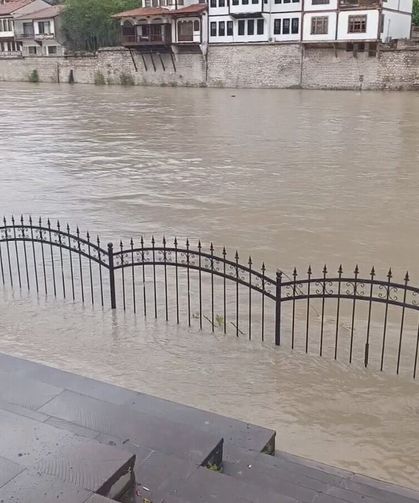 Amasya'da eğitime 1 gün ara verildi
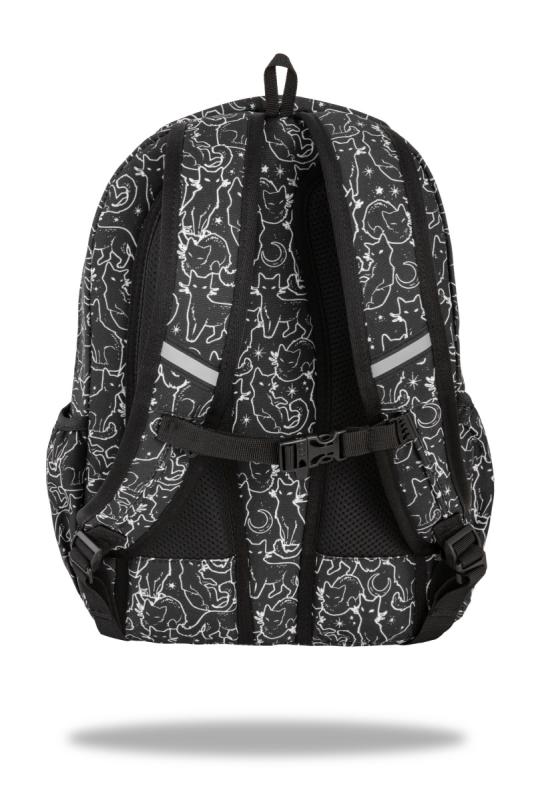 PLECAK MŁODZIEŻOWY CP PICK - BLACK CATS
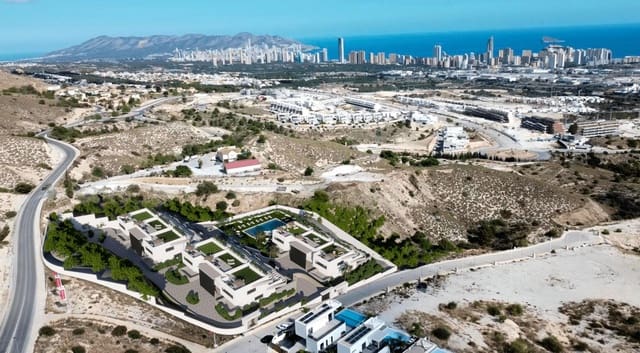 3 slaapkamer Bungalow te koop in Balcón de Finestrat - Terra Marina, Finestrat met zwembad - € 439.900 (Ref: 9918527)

==

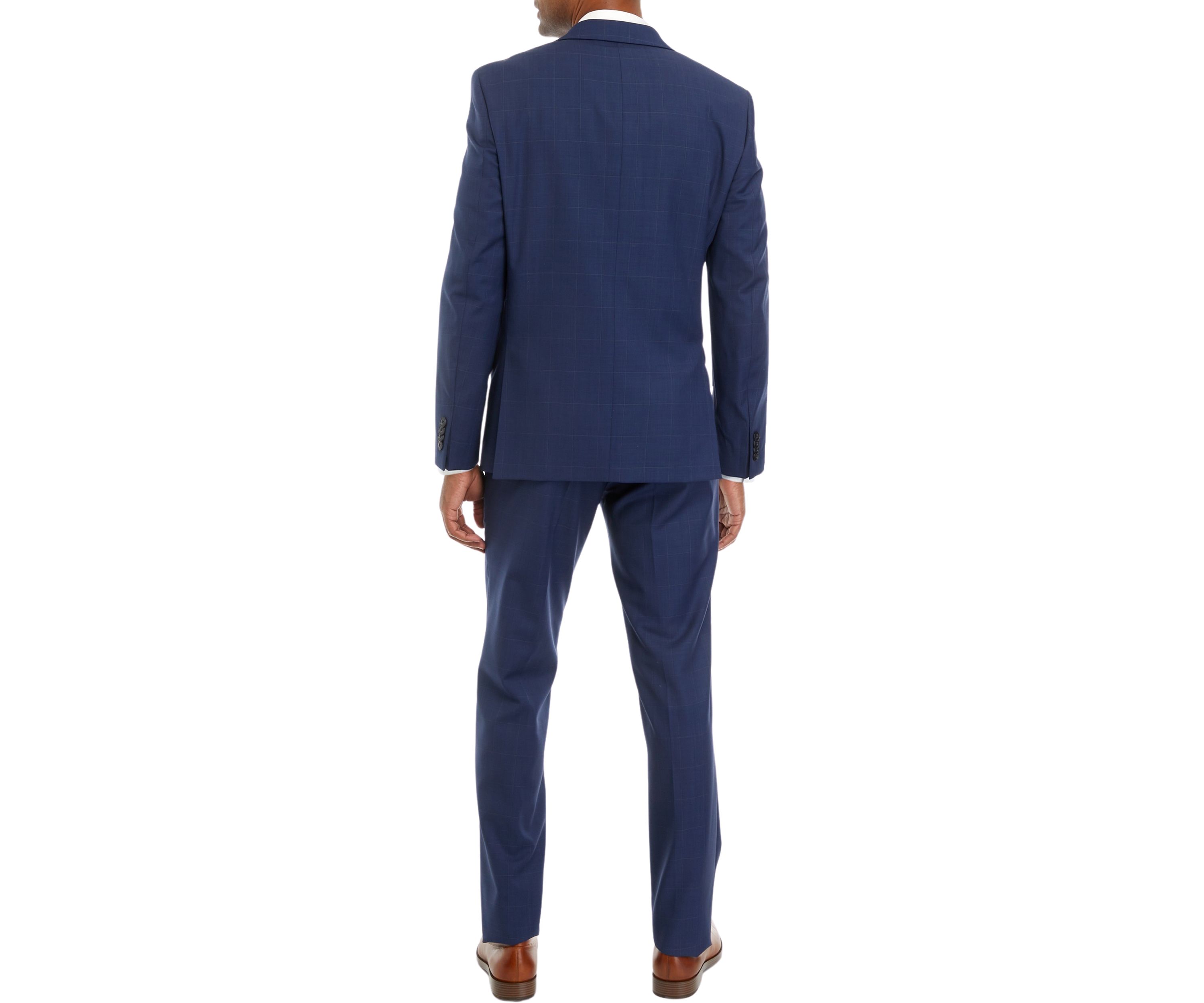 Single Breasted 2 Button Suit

EXERCISE DETAILS:
In the material above, one part opens with the line containing "PLECAK MŁODZIEŻOWY CP PICK - BLACK CATS" and closes with the line containing "3 slaapkamer Bungalow". Write out that part exactly and skip its pictures.

TASK OUTPUT:
 PLECAK MŁODZIEŻOWY CP PICK - BLACK CATS
 3 slaapkamer Bungalow te koop in Balcón de Finestrat - Terra Marina, Finestrat met zwembad - € 439.900 (Ref: 9918527)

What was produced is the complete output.